#### Data provided

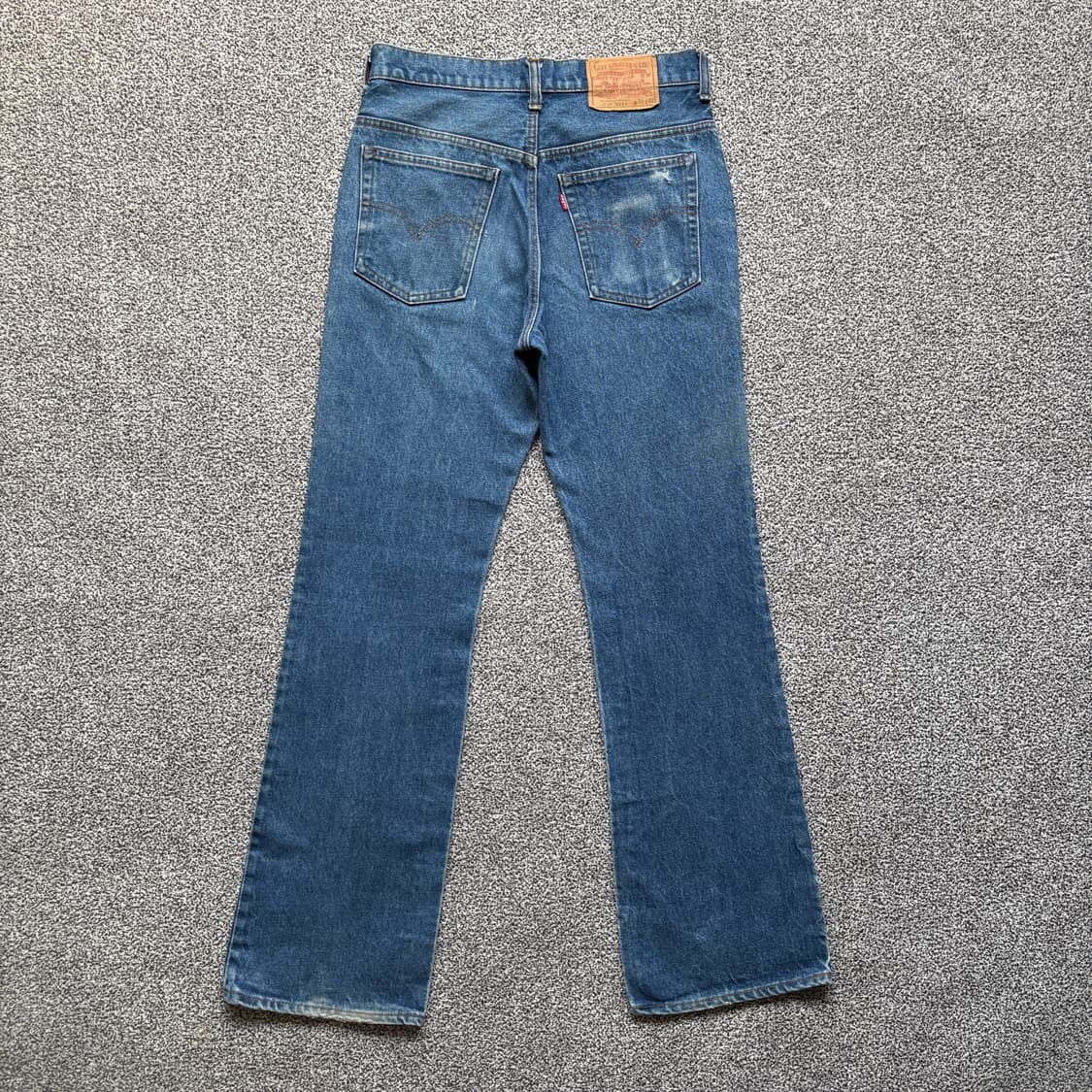 80s 빈티지 리바이스 517 66 후기 허리38.5cm 상품이미지2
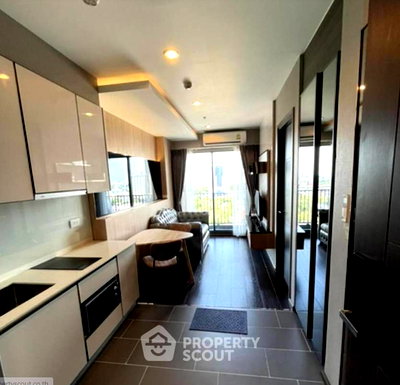 คอนโดให้เช่า : คอนโด 1-ห้องนอน ที่ ซี เอกมัย ใกล้ ARL รามคำแหง (ID 2728346)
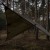 Tarp TigerWood 3 m x 4 m oliwkowy-6 2406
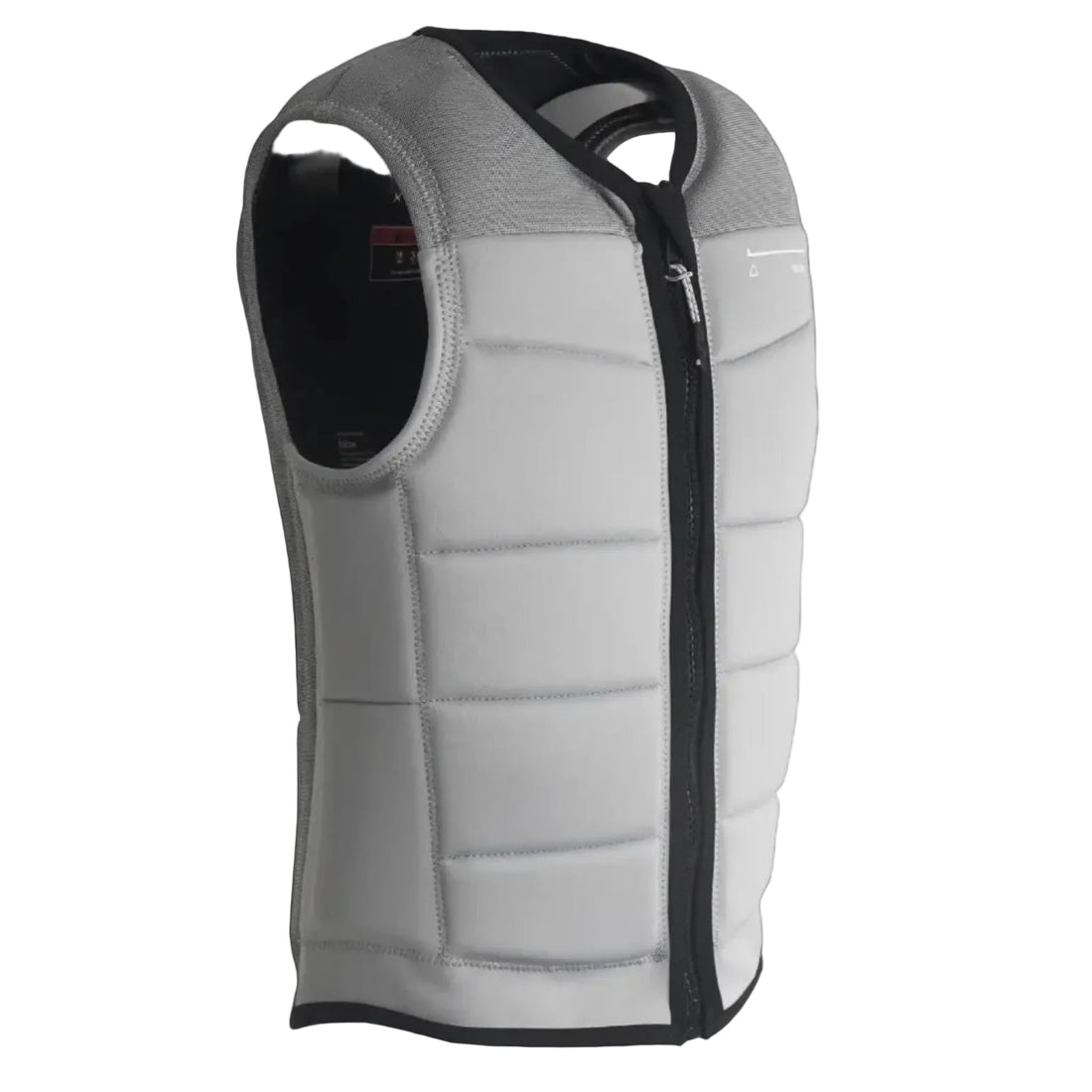 Follow Section Impact Vest Mens - Stone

########

## Task details:
Return the full listing exactly as written, without any of its images.

## Problem solution:
 80s 빈티지 리바이스 517 66 후기 허리38.5cm 상품이미지2
 คอนโดให้เช่า : คอนโด 1-ห้องนอน ที่ ซี เอกมัย ใกล้ ARL รามคำแหง (ID 2728346)
 Tarp TigerWood 3 m x 4 m oliwkowy-6 2406
 Follow Section Impact Vest Mens - Stone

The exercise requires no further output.